THE DATA:
---
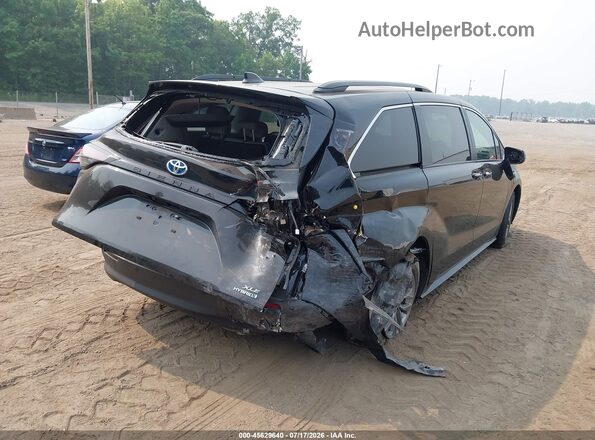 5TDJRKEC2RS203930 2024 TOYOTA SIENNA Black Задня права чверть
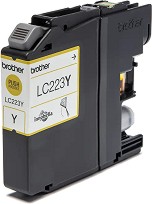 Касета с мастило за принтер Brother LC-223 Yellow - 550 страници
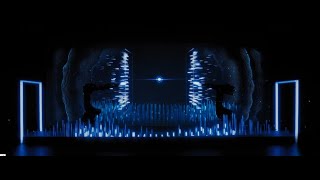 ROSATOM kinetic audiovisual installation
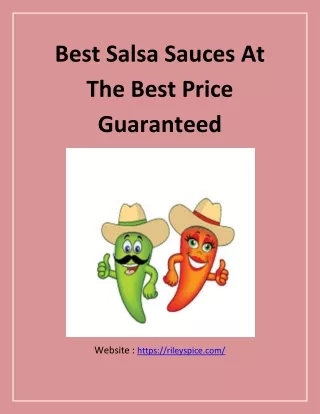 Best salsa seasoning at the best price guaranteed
---
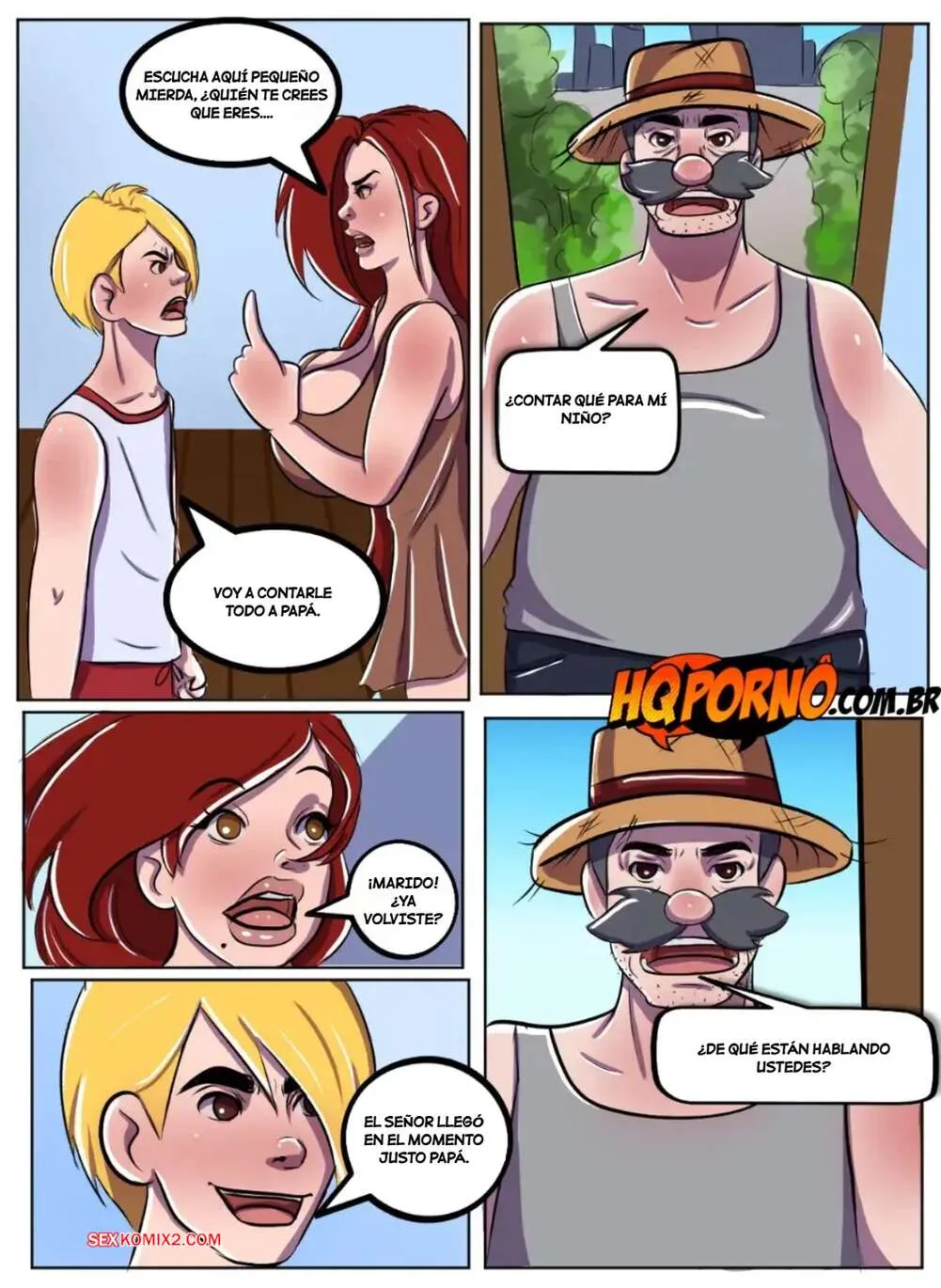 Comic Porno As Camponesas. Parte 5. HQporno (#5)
---
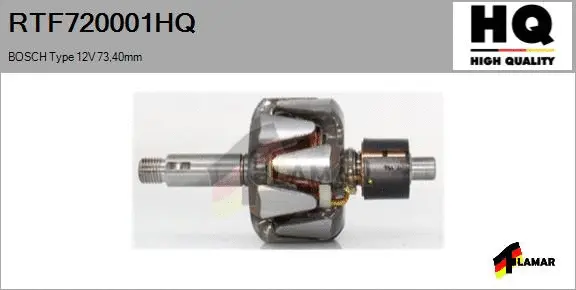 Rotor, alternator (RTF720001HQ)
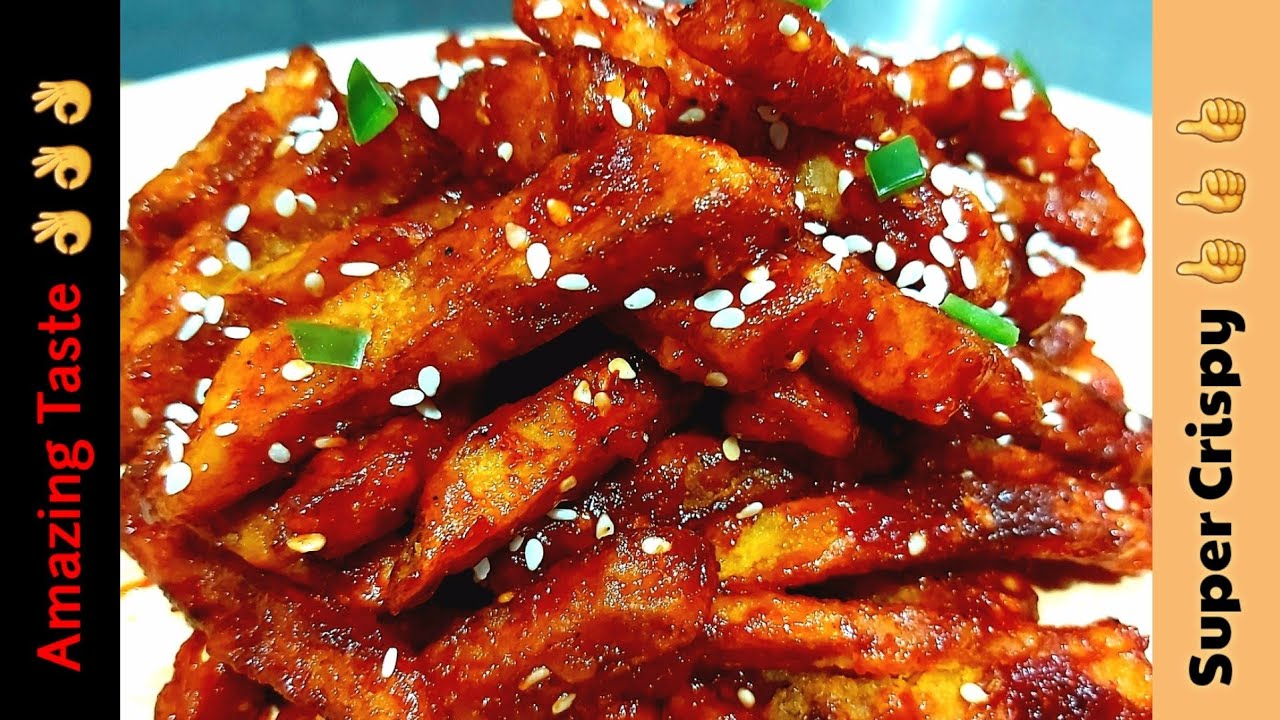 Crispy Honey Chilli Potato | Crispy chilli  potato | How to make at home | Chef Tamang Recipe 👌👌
---
TASK STATEMENT: Your answer should be the lines above, word for word, from the line with "ROSATOM kinetic audiovisual installation" through the line with "Best salsa seasoning", minus the pictures.

TASK ANSWER:
 ROSATOM kinetic audiovisual installation
 Best salsa seasoning at the best price guaranteed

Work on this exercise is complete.